La verdad jamás estará en los ignorantes, en los cobardes, en los cómplices, en los serviles y menos aún en los idiotas.

Privilegio presidencial.

Por Daniel Della Costa

Hay gente que ya está viajando en el tren bala a Rosario, así como la hubo, en tiempos del primer Perón, quien ya se veía ciudadano de una potencia atómica, aunque estuviera haciendo cola para conseguir dos litros de querosén para la estufa. Lo que ocurre es que ser presidente en la Argentina, tiene sus ventajas.

Aunque a veces hayan sido echados de mala manera o debieron irse por la puerta chica. Y aún cuando, casi sin excepción, al final de sus mandatos compartan los cánticos que las tribunas deparan a los referís, por más que la vieja haya sido una santa. Pero esos y otros inconvenientes que se pudieran presentar, se compensan largamente con un privilegio que les asiste casi con exclusividad. Y por el que cualquier nativo daría no la mitad de su vida, pero sí aquella parte que, por designio de sus hijos o la magnitud de sus ahorros, deba pasar en el geriátrico.

Porque el privilegio no consiste, como puede suponer algún alma aún afectada por la retórica escolar, en que los granaderos de San Martín lo saluden cada mañana, en que cuente con un palco en el Colón al que no irá nunca o en que, no bien asome en cualquier acto, antes de haber abierto la boca, le lluevan los aplausos.

Y mucho menos, como piensa aquel que ya ha superado esa etapa e ingresado a la de la sospecha militante, porque el cargo sea la gran oportunidad para salir de pobre o para transarse a las muchachas más pechugonas de la TV.

Lo que más vale y lo que más se le envidia es la autoridad que se le da a lo que dice.
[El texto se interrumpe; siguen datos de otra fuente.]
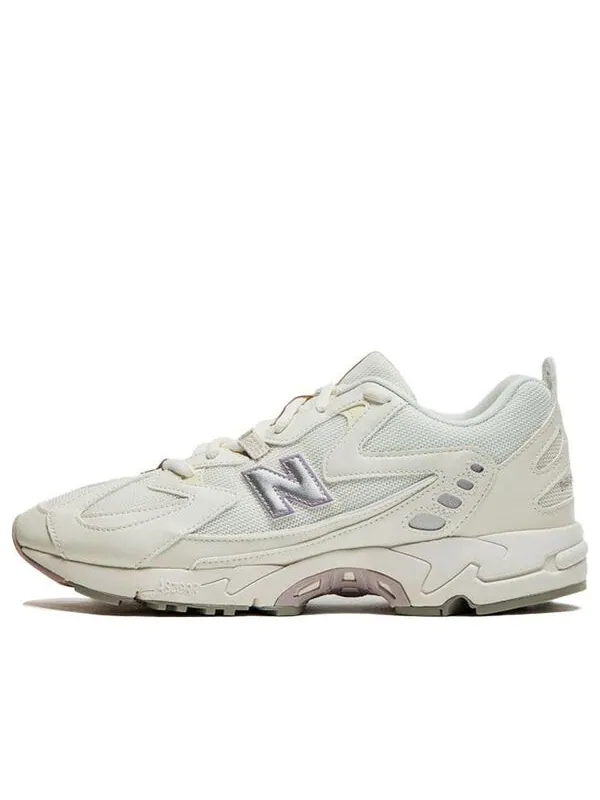 Кроссовки 828 New Balance — изображение 1 из 4, белый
Porque si a un tipo, entre los que yugan ocho horas al día, viven de un sueldito y cargan una familia que gasta como si el intratable Moreno hubiera conseguido bajar el precio de la milanesa de nalga, se le ocurre decir en el café que ha inventado un sustituto de la nafta que saldrá 5 centavos el litro, o que Nazarena Vélez anda perdida por él, es fácil que los amigos se le rían en la cara y le aconsejen que abandone el tinto o que lo mezcle con soda.
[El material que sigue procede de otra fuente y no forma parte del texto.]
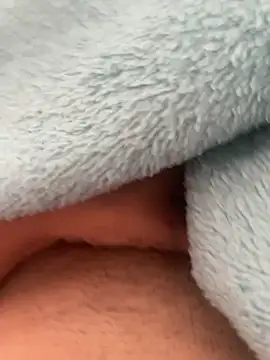 teubrinquedinho online show from April 2, 3:42 pm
Pero si un presidente dice, así, en un rapto y vaya a saber por qué, que va a hacer un tren bala, aunque los que hoy circulan sean tortugas decrépitas y cada viaje pueda concluir en un descenso a los infiernos, no sólo nadie se ríe ni le pregunta si durmió bien o si le cayó pesado el corderito patagónico, sino que todos se ponen a hacer cálculos y ya se ven dentro del bólido yendo a comprar alfajores a la peatonal rosarina.

Sin que a alguno se le pase por la mollera que esto puede tener tanta miga como el cosmódromo de Menem o el traslado de la Capital a Viedma. Y sin que se recuerde tampoco que en estos tres felices años hubo un montón de obras que no pasaron del papel.

“Maestro –dijo el reo de la cortada de San Ignacio–, piense que el hombre tiene que llenar la plaza. Y le diré más. Como las encuestas le daban que con el tren bala, el aumento de la jubileta y el precio máximo a los bifes no le alcanzaba, ¿a qué no sabe en qué se pensó?

En invitar al palco a la reina del carnaval de Gualeguaychú, pero bien ventiladita como se la vio en las fotos. Hicieron un sondeo y con ella le daba como un millón de asistentes, sin necesidad de repartir sándwiches y birras. Pero la Cristina le dijo: o ella o yo. Y Lupin aflojó. Pero me contaron, de buena fuente, que le caían los lagrimones”.